• Your task: Reproduce exactly, and only, the lines below from the one containing "LIONELO Babyline Smart" through the one containing "25 Rainbow Glitter".

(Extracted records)
== Segment start ==
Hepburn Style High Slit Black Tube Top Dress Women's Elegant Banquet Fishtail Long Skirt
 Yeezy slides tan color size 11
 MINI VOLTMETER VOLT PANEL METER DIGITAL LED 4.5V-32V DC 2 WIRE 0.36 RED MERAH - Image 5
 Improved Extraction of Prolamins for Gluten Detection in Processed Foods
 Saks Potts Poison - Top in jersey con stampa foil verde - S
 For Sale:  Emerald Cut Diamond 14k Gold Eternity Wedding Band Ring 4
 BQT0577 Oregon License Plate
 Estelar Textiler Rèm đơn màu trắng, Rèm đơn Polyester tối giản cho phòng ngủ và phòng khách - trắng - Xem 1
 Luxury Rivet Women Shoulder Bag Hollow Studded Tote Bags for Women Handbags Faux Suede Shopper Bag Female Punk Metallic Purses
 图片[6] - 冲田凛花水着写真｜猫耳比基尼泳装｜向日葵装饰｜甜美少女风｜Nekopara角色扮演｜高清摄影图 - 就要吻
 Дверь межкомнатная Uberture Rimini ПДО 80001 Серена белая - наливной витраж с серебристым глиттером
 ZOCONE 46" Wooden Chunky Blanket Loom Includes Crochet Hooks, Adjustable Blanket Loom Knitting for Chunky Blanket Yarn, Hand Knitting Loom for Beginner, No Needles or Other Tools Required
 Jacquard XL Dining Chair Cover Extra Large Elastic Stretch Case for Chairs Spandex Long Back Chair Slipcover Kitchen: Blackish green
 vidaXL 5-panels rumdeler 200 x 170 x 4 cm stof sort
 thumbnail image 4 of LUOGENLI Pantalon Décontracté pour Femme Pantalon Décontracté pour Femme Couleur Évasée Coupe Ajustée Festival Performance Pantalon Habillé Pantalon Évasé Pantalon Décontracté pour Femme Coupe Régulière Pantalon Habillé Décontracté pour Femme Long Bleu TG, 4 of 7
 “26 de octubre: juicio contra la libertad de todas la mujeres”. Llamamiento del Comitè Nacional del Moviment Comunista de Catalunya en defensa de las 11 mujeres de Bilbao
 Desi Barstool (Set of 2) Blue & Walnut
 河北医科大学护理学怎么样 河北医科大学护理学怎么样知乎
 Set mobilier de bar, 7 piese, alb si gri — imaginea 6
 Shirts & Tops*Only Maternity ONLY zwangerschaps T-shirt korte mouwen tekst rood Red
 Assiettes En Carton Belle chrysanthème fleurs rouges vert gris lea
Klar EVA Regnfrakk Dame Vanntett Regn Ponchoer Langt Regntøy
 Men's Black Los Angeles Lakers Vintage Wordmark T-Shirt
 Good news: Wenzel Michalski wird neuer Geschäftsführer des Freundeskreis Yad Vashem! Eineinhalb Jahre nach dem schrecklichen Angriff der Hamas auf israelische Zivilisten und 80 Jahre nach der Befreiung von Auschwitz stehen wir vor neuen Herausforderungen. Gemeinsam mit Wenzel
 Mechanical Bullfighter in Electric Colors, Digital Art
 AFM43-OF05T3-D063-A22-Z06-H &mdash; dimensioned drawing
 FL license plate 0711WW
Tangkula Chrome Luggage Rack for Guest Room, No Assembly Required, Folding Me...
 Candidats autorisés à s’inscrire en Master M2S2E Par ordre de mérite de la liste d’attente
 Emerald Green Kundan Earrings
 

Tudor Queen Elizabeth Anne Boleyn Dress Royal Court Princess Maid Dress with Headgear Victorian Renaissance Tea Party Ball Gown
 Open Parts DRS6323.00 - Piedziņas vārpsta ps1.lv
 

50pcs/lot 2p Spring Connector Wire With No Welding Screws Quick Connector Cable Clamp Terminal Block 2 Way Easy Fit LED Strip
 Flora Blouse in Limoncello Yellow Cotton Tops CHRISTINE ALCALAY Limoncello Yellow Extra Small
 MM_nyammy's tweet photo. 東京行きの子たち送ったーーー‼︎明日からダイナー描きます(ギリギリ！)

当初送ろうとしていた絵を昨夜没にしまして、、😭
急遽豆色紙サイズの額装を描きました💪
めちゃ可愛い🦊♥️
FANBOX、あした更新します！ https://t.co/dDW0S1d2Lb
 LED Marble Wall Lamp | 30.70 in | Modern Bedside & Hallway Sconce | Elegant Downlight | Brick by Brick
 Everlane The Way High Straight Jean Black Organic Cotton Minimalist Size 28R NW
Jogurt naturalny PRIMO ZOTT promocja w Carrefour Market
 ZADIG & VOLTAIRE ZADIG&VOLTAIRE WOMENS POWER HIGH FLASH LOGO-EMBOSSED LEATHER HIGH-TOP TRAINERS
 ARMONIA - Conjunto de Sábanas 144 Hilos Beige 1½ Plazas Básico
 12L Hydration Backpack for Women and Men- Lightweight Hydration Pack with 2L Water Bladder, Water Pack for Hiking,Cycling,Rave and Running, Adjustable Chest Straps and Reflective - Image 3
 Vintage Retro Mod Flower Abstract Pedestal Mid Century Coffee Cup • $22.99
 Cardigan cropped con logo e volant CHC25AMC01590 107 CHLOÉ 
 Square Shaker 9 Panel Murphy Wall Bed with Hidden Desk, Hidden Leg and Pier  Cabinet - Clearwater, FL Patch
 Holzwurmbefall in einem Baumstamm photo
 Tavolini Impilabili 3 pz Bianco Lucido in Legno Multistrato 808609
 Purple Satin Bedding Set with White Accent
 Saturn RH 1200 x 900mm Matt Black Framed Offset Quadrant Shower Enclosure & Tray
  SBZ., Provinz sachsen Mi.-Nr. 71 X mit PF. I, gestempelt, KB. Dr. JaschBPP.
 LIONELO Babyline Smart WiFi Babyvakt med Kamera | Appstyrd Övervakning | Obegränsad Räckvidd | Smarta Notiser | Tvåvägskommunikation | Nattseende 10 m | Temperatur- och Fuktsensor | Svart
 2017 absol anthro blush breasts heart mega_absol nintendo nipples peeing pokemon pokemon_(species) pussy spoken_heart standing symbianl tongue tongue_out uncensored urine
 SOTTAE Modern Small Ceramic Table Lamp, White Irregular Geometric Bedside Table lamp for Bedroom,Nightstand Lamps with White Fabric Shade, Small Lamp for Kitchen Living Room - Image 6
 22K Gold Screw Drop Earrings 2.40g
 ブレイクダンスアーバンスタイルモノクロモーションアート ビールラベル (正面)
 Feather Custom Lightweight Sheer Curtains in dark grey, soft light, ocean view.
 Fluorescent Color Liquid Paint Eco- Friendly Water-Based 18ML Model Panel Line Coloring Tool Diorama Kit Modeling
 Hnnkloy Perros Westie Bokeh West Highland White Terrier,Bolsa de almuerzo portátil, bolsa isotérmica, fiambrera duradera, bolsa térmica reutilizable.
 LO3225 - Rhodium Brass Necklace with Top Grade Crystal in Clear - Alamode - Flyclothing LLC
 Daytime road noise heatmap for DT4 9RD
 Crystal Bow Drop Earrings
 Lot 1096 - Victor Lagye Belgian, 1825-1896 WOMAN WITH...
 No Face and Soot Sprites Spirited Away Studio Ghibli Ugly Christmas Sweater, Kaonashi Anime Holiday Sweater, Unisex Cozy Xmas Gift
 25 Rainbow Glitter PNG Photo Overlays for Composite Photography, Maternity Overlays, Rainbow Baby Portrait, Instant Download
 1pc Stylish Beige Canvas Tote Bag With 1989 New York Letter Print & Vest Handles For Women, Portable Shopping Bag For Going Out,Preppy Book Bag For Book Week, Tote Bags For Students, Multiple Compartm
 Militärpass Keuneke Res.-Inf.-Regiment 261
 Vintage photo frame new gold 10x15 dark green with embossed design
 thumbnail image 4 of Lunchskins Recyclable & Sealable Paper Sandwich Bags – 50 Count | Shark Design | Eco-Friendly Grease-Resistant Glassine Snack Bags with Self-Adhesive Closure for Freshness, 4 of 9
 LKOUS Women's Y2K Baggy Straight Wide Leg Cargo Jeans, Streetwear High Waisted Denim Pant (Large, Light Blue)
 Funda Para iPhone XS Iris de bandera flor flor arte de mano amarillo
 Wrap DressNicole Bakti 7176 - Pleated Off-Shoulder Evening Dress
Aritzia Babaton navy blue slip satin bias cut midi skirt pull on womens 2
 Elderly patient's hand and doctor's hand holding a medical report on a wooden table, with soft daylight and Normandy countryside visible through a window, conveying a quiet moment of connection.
== Segment end ==
• Response:
 LIONELO Babyline Smart WiFi Babyvakt med Kamera | Appstyrd Övervakning | Obegränsad Räckvidd | Smarta Notiser | Tvåvägskommunikation | Nattseende 10 m | Temperatur- och Fuktsensor | Svart
 2017 absol anthro blush breasts heart mega_absol nintendo nipples peeing pokemon pokemon_(species) pussy spoken_heart standing symbianl tongue tongue_out uncensored urine
 SOTTAE Modern Small Ceramic Table Lamp, White Irregular Geometric Bedside Table lamp for Bedroom,Nightstand Lamps with White Fabric Shade, Small Lamp for Kitchen Living Room - Image 6
 22K Gold Screw Drop Earrings 2.40g
 ブレイクダンスアーバンスタイルモノクロモーションアート ビールラベル (正面)
 Feather Custom Lightweight Sheer Curtains in dark grey, soft light, ocean view.
 Fluorescent Color Liquid Paint Eco- Friendly Water-Based 18ML Model Panel Line Coloring Tool Diorama Kit Modeling
 Hnnkloy Perros Westie Bokeh West Highland White Terrier,Bolsa de almuerzo portátil, bolsa isotérmica, fiambrera duradera, bolsa térmica reutilizable.
 LO3225 - Rhodium Brass Necklace with Top Grade Crystal in Clear - Alamode - Flyclothing LLC
 Daytime road noise heatmap for DT4 9RD
 Crystal Bow Drop Earrings
 Lot 1096 - Victor Lagye Belgian, 1825-1896 WOMAN WITH...
 No Face and Soot Sprites Spirited Away Studio Ghibli Ugly Christmas Sweater, Kaonashi Anime Holiday Sweater, Unisex Cozy Xmas Gift
 25 Rainbow Glitter PNG Photo Overlays for Composite Photography, Maternity Overlays, Rainbow Baby Portrait, Instant Download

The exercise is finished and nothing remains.